Impulse invariance maps analog filter impulse response to digital by sampling: h[n] = T·ha(nT). This preserves the shape of the analog response at sample times but introduces aliasing if the analog filter is not sufficiently bandlimited. Unlike bilinear transform, it does not preserve stability for poles outside the left half-plane.

Explainer

From your study of the Laplace transform, you know how to design analog filters — Butterworth, Chebyshev — specified by poles in the s-plane. From the z-transform, you know how to analyze discrete-time systems. Impulse invariance is one bridge between these two worlds: it constructs a digital filter whose behavior deliberately mimics a known analog prototype, starting from the analog impulse response.

The method begins by expanding the analog transfer function H_a(s) into partial fractions: H_a(s) = Σ A_k / (s − s_k). Each term corresponds to a decaying exponential in the time domain: h_a(t) = Σ A_k e^(s_k t) u(t). Impulse invariance samples this continuous impulse response at intervals T to define the digital impulse response: h[n] = T · h_a(nT) = T · Σ A_k e^(s_k nT) u[n]. Taking the z-transform of each term gives H(z) = T · Σ A_k / (1 − e^(s_k T) z^{-1}). This is the key mapping rule: each analog pole at s = s_k becomes a digital pole at z = e^(s_k T). Poles in the left half s-plane (where Re(s_k) < 0) map to poles inside the unit circle (where |e^(s_k T)| < 1), preserving stability. The frequency axis maps as ω_digital = Ω_analog × T — digital frequencies are a scaled version of analog frequencies, with no warping.

The fatal limitation is aliasing, and your prerequisite on aliasing tells you exactly why it arises. The digital filter's frequency response is a periodic repetition of the analog: H(e^{jω}) = (1/T) Σ_k H_a(j(ω − 2πk)/T). If the analog filter has significant energy above the Nyquist frequency π/T, adjacent copies overlap and corrupt the spectrum. Butterworth and Chebyshev filters have infinite bandwidth — their magnitude falls off polynomially, never reaching exactly zero. Applying impulse invariance to these filters inevitably introduces aliasing. For a well-designed lowpass filter with substantial attenuation before Nyquist (say, −40 dB or better at π/T), the aliasing error may be acceptable. For highpass or wideband filters, the copies wrap around and add in-band, making the result useless.

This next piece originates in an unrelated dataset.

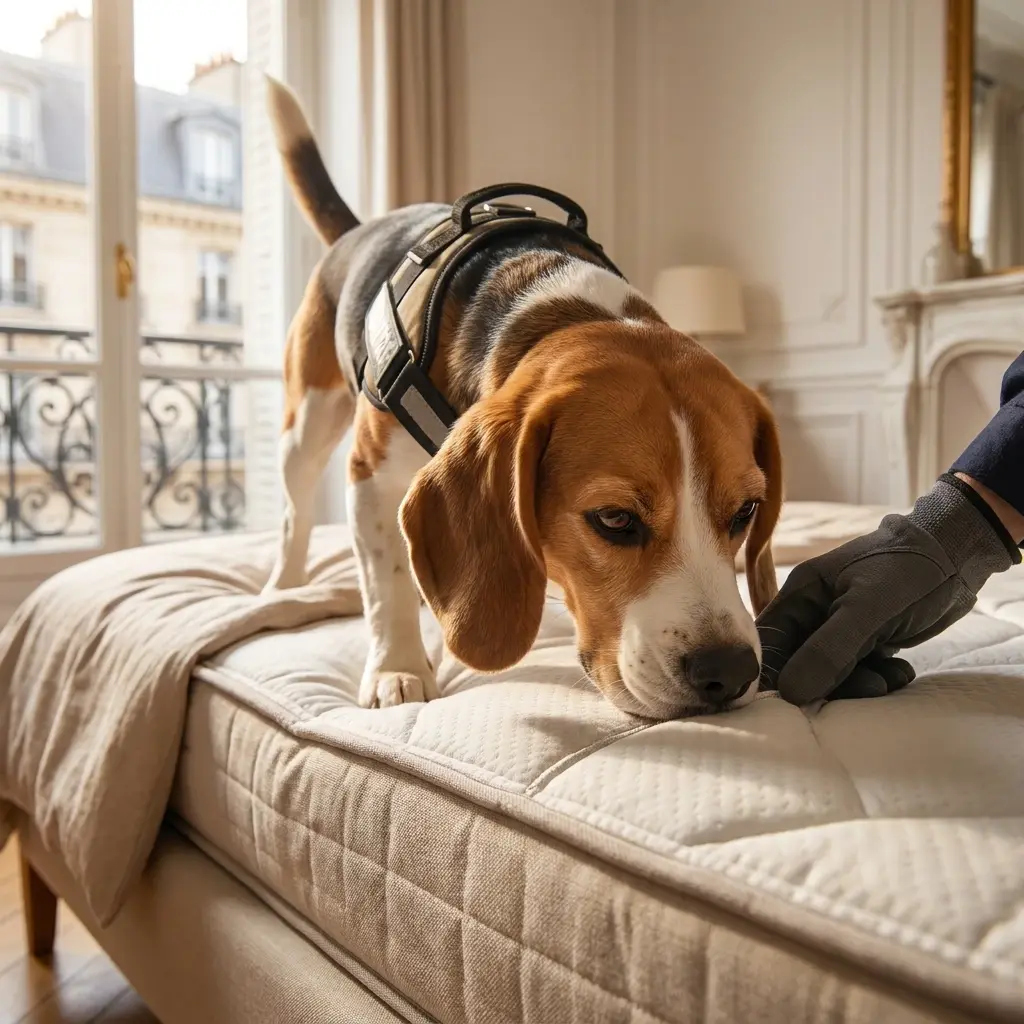 Une solution sereine pour éradiquer les nuisibles chez vous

This is why bilinear transform is often the preferred alternative: it maps the entire left half-plane to the unit disk interior without aliasing by compressing the infinite analog frequency axis onto [−π, π]. The trade-off is frequency warping — a nonlinear compression that distorts the filter shape unless pre-warped during design. Impulse invariance is preferred when you specifically need the digital filter's time-domain samples to match the analog prototype's values — for instance, when digitally simulating an analog physical system where matching the step response at sample instants matters more than matching the stopband at high frequencies. Knowing both methods, and when each is appropriate, is the practical skill.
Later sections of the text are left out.